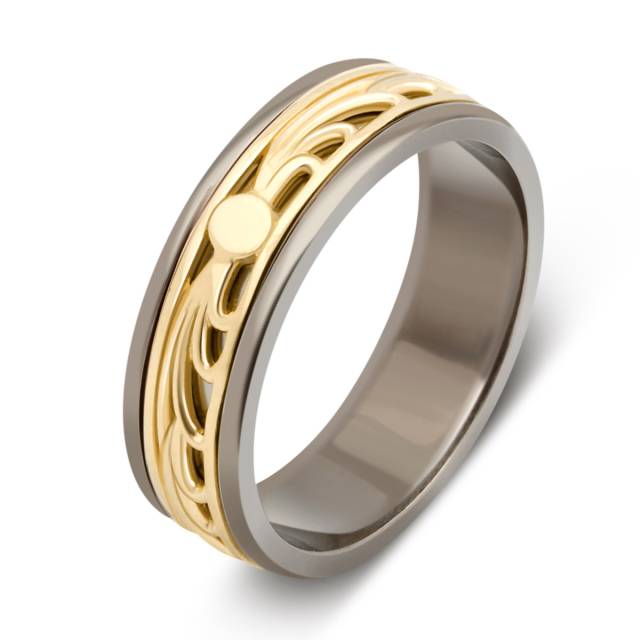 Обручальное кольцо из титана и жёлтого золота (037670)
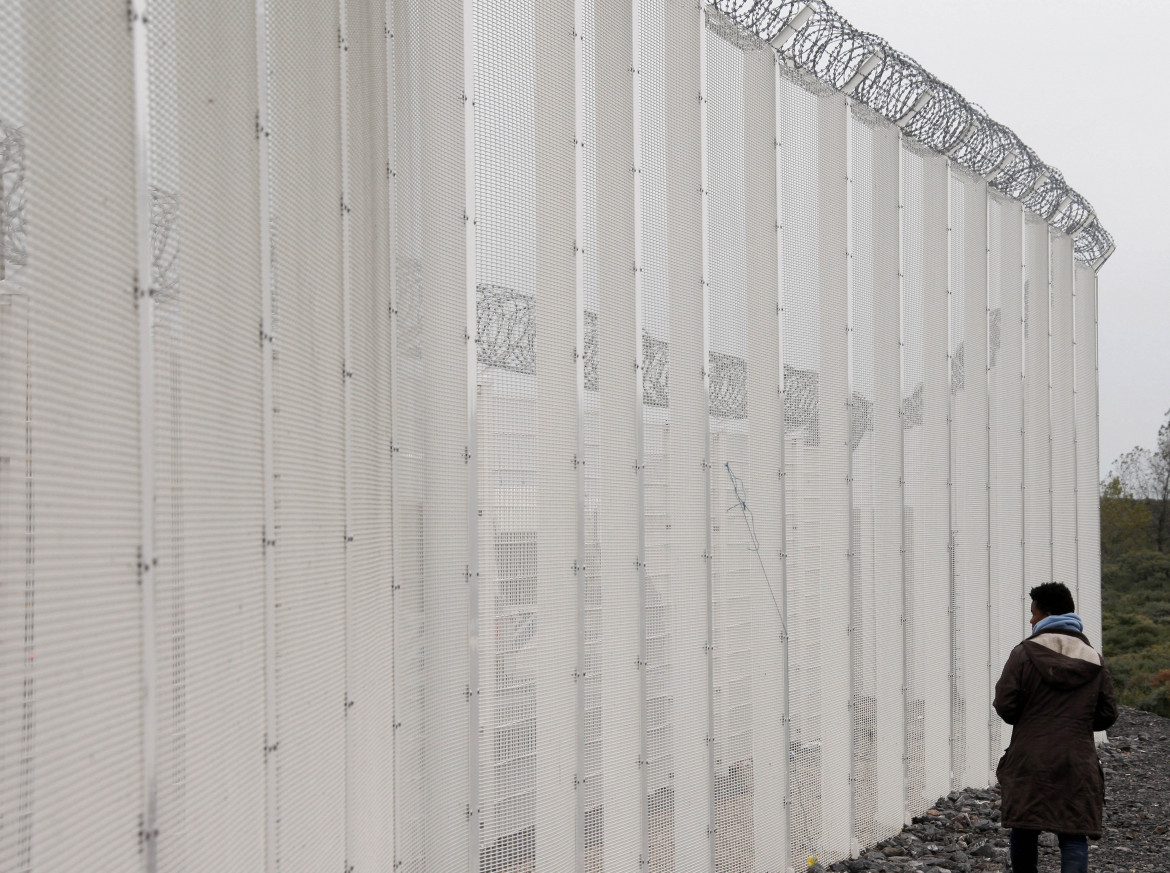 All’accampamento di Calais torna  la polizia, sgomberati 800 migranti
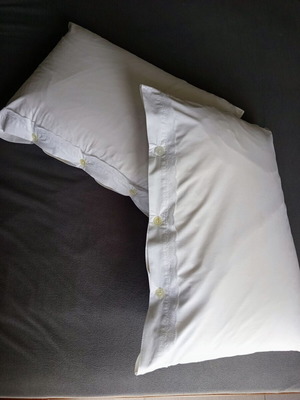 Set of 2 vintage white cotton pillowcases with lace like new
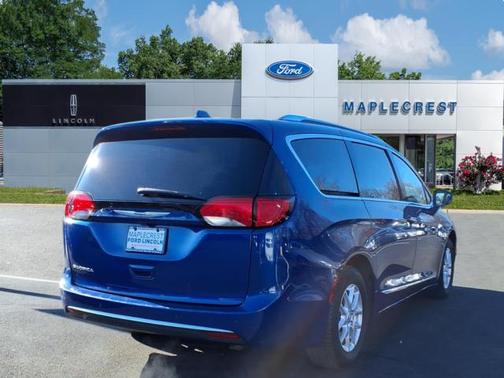 2020 Chrysler Pacifica Touring-L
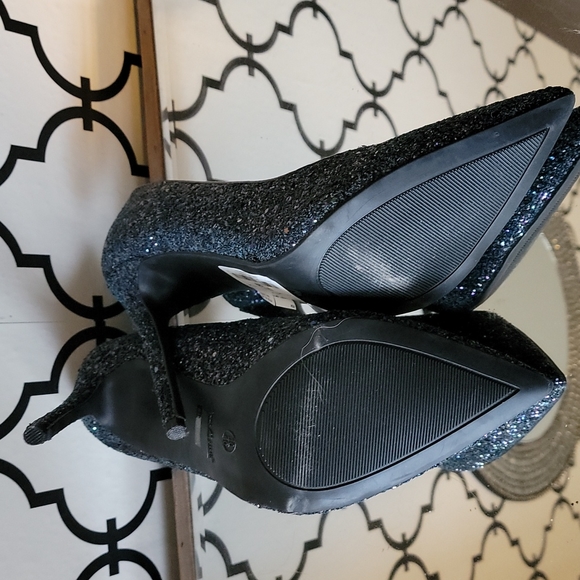 Heels - Picture 3 of 4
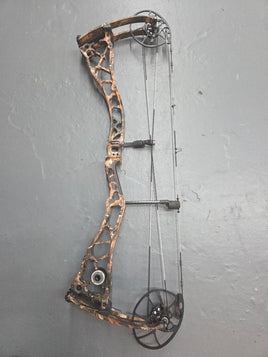 Bowtech SS34 RH 70# MOSSY OAK COUNTRY DNAUsed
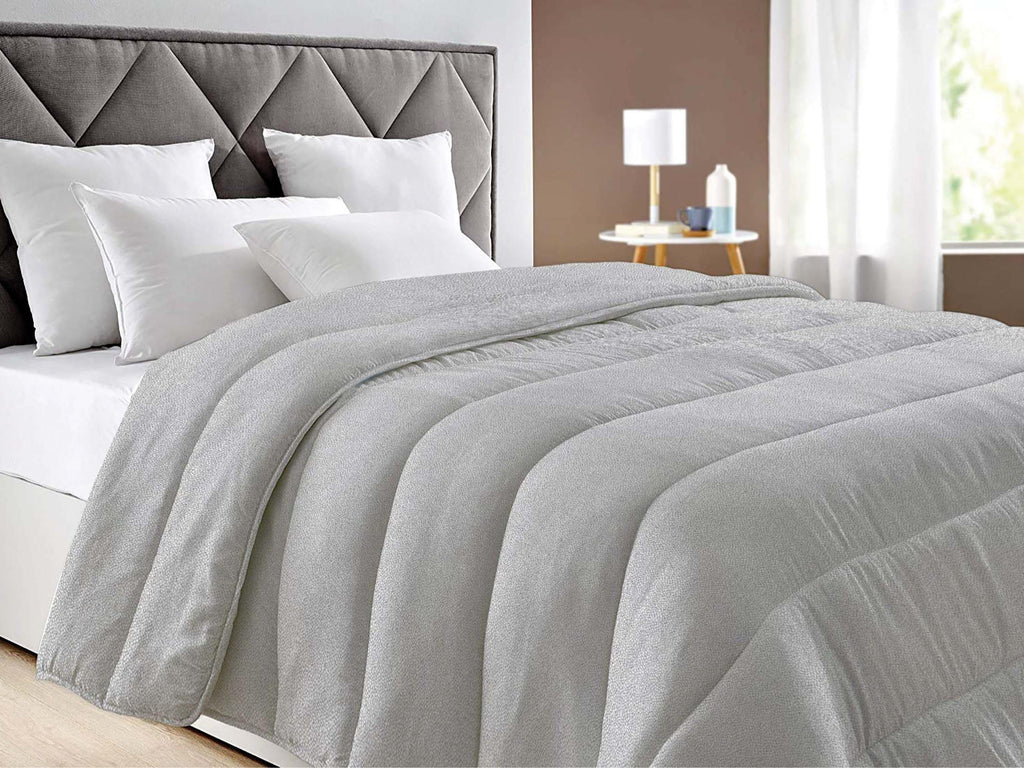 GD LOVES YOUR HOME Trapunta Leggera Matrimoniale Invernale 260×260 cm – MADE IN ITALY, Microfibra Mano Pesca, Anallergica e Duck Friendly – Coperta Imbottita con Bordatura Laser, Fantasie Stampate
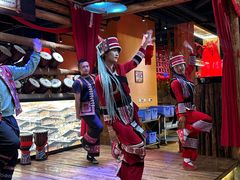 -老滇山寨•云南特色菜•地方菜•民族风情歌舞表演(金碧店)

______________________________

WORK REQUIRED
Reproduce word for word, with pictures dropped, only the part of the material above that opens with the line containing "All’accampamento di Calais" and closes with the line containing "Bowtech SS34 RH".

ANSWER BOX
 All’accampamento di Calais torna  la polizia, sgomberati 800 migranti
 Set of 2 vintage white cotton pillowcases with lace like new
 2020 Chrysler Pacifica Touring-L
 Heels - Picture 3 of 4
 Bowtech SS34 RH 70# MOSSY OAK COUNTRY DNAUsed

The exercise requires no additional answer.